IPX systems with registered network numbers may gain the most.
Limited Scope
The CATNIP defines a common network layer packet format and basic
architecture. It intentionally does not specify ES-IS methods,
routing, naming systems, autoconfiguration and other subjects not
part of the core Internet wide architecture. The related problems and
their (many) solutions are not within the scope of the specification
of the basic common network layer.
Existing Addresses and Network Numbers
The Internet's version 4 numbering system has proven to be very
flexible, (mostly) expandable, and simple. In short: it works.
However, there are two problems. Neither was considered serious when
the CATNIP was first developed in 1988 and 1989, but both are now of
major concern:
o The division into network, and then subnet, is insufficient.
Almost all sites need a network assignment large enough to
subnet. At the top of the hierarchy, there is a need to assign
administrative domains.
o As bit-packing is done to accomplish the desired network
structure, the 32-bit limit causes more and more aggravation.
Another major addressing system used in open internetworking is the
OSI method of specifying Network Service Access Points (NSAPs). The
NSAP consists of an authority and format identifier, a number
assigned to that authority, an address assigned by that authority,
and a selector identifying the next layer (transport layer) protocol.
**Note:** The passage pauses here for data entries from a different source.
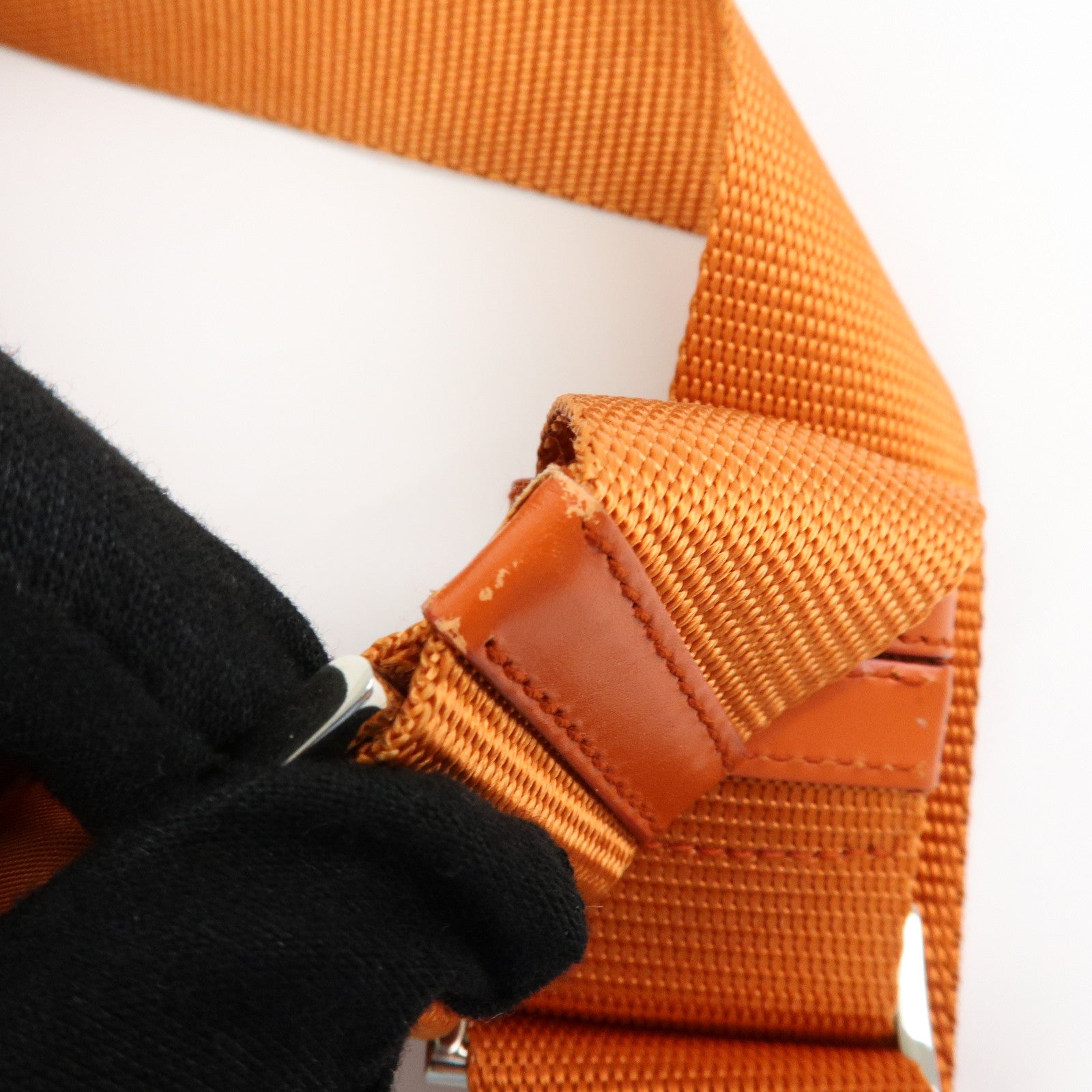 PRADA Triangle Logo Nylon Leather Shoulder Bag Crossbody Bag Orange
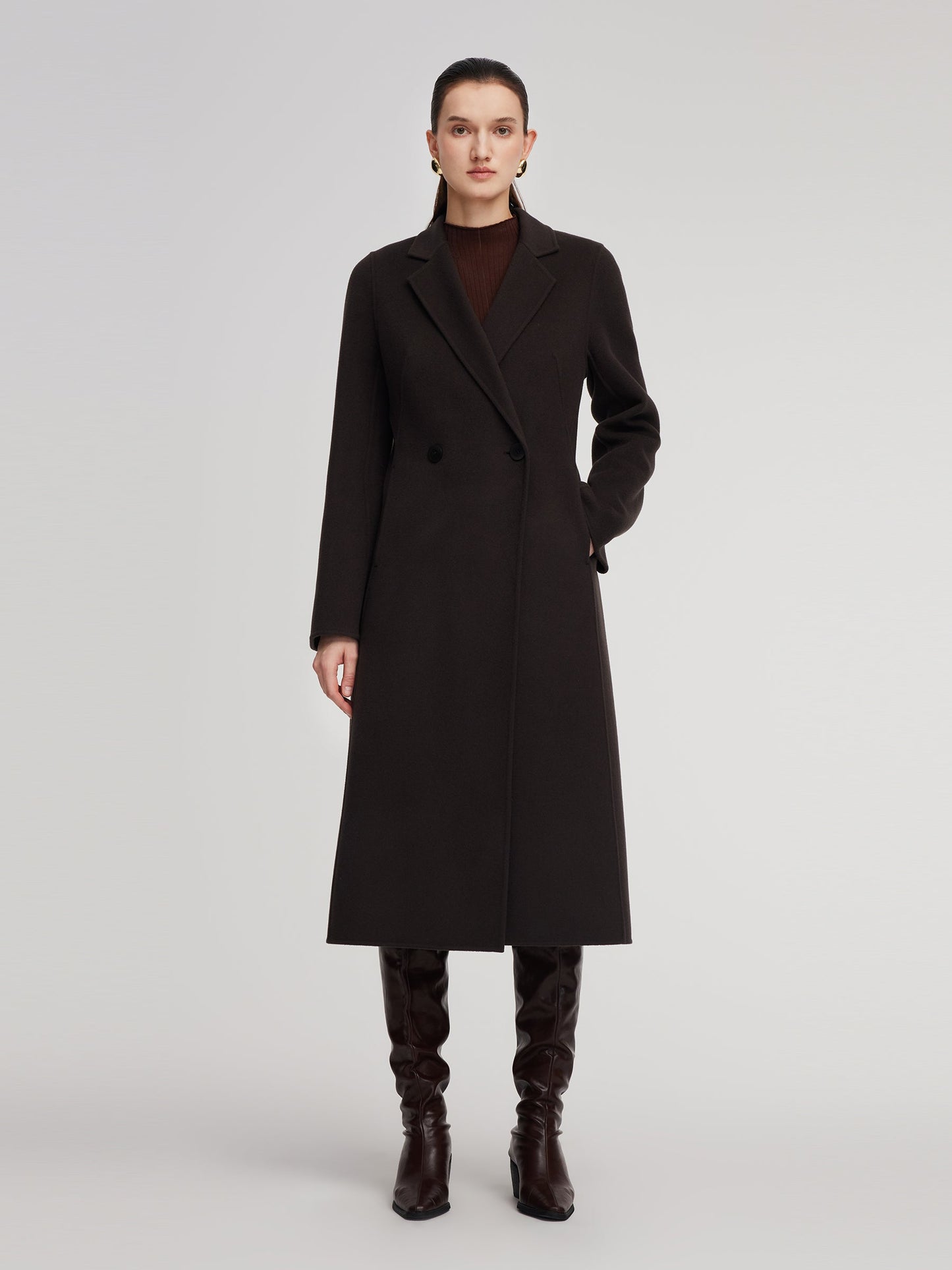 Cashmere Wool Blend Gathered Waist Women Overcoat
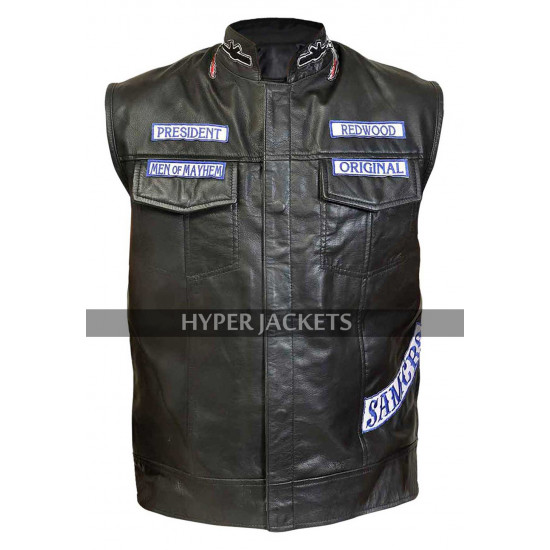 Charlie Hunnam Sons Of Anarchy S7 Jax Teller Biker Black Leather Vest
This is actually a general multi-level hierarchy, often obscured by
the details of specific profiles. (For example, CLNP doesn't specify
20 octet NSAPs, it allows any length. But various GOSIPs profile the
NSAP as 20 octets, and IS-IS makes specific assumptions about the
last 1-8 octets. And so on.)
The NSAP does not directly correspond to an IP address, as the
selector in IP is separate from the address. The concept that does
correspond is the NSAP less the selector, called the Network Entity
Title or NET. (An unfortunate acronym, but one we will use to avoid
repeating the full term.) The usual definition of NET is an NSAP with
the selector set to 0; the NET used here omits the 0 selector.
There is also a network numbering system used by IPX, a product of
Novell, Inc. (referred to from here on as Novell) and other vendors
making compatible software. While IPX is not yet well connected into
a global network, it has a larger installed base than either of the
other network layers.
Network Layer Address
The network layer address looks like:
+----------+----------+---------------+---------------+
length AFI IDI ... DSP ...
+----------+----------+---------------+---------------+
The fields are named in the usual OSI terminology although that leads
to an oversupply of acronyms. Here are more detailed descriptions of
each field:
length: the number of bytes (octets) in the remainder of the
address.
AFI: the Authority and Format Identifier. A single byte
value, from a set of well-known values registered by
ISO, that determines the semantics of the IDI field
IDI: the Initial Domain Identifier, a number assigned by the
authority named by the AFI, formatted according to the
semantics implied by the AFI, that determines the
authority for the remainder of the address.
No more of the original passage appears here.